_EXERCISE PROMPT_
Only the pictures are to be left out; the listing itself is repeated exactly.

_RECORDED INFORMATION_
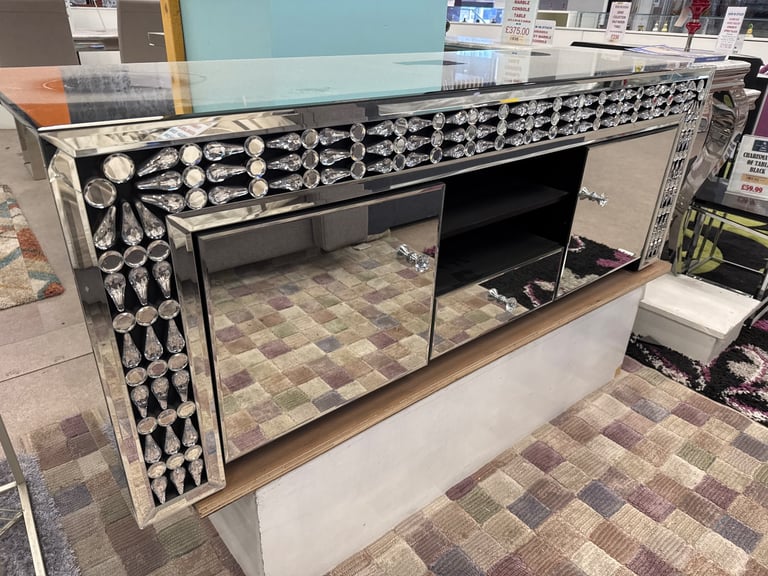 Crushed glass tv unit reduced ex display 
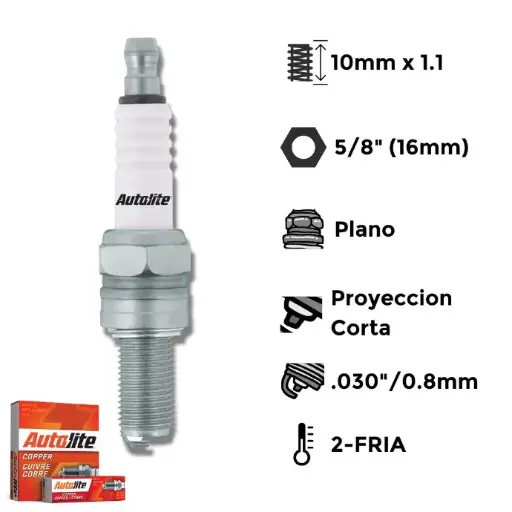 [A4302] Bujías Autolite Cobre X4 - NGK: APR5FS - CR8EB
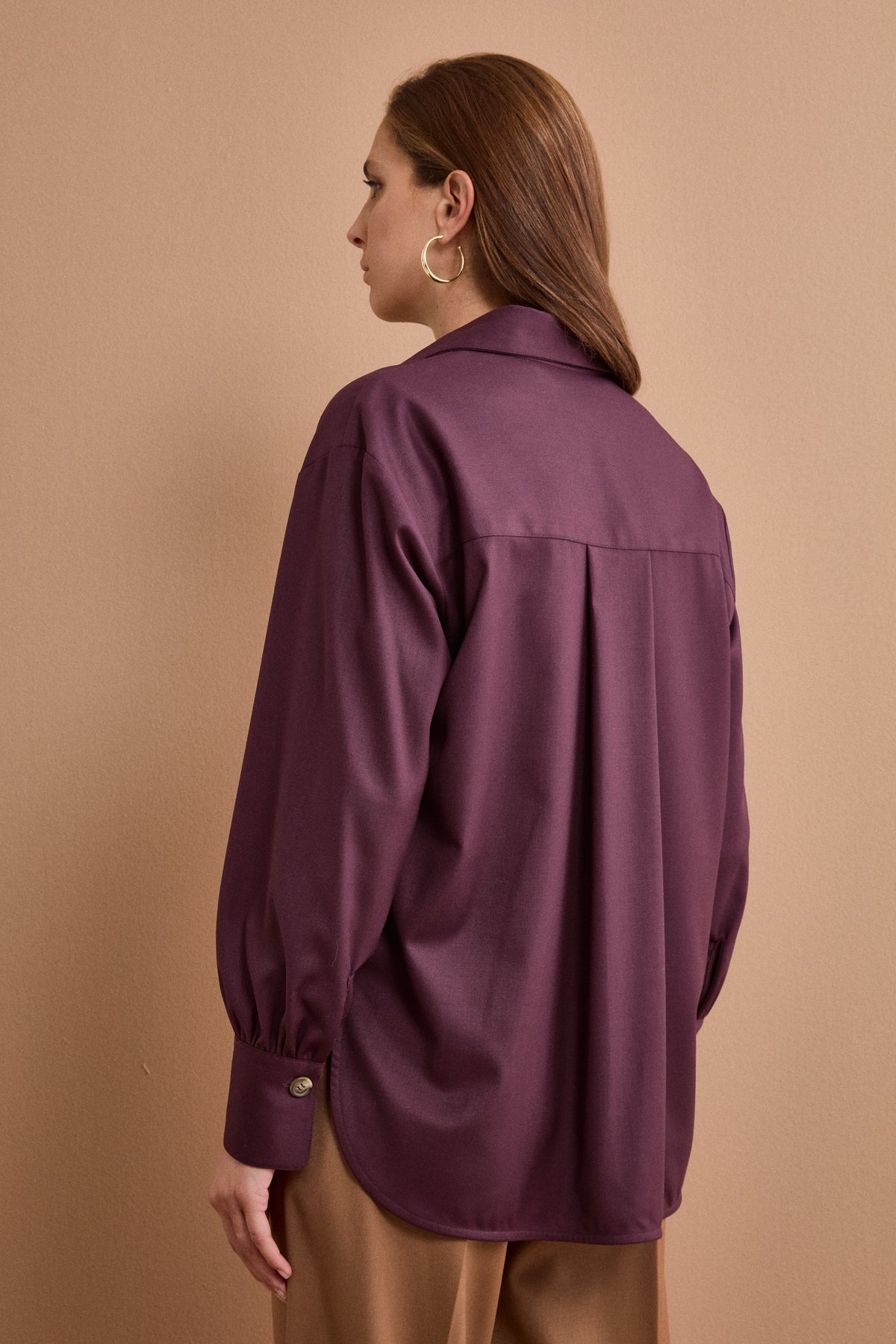 Overshirt-Hemd mit Taschen - Burgundisch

_YOUR SOLUTION_
 Crushed glass tv unit reduced ex display 
 [A4302] Bujías Autolite Cobre X4 - NGK: APR5FS - CR8EB
 Overshirt-Hemd mit Taschen - Burgundisch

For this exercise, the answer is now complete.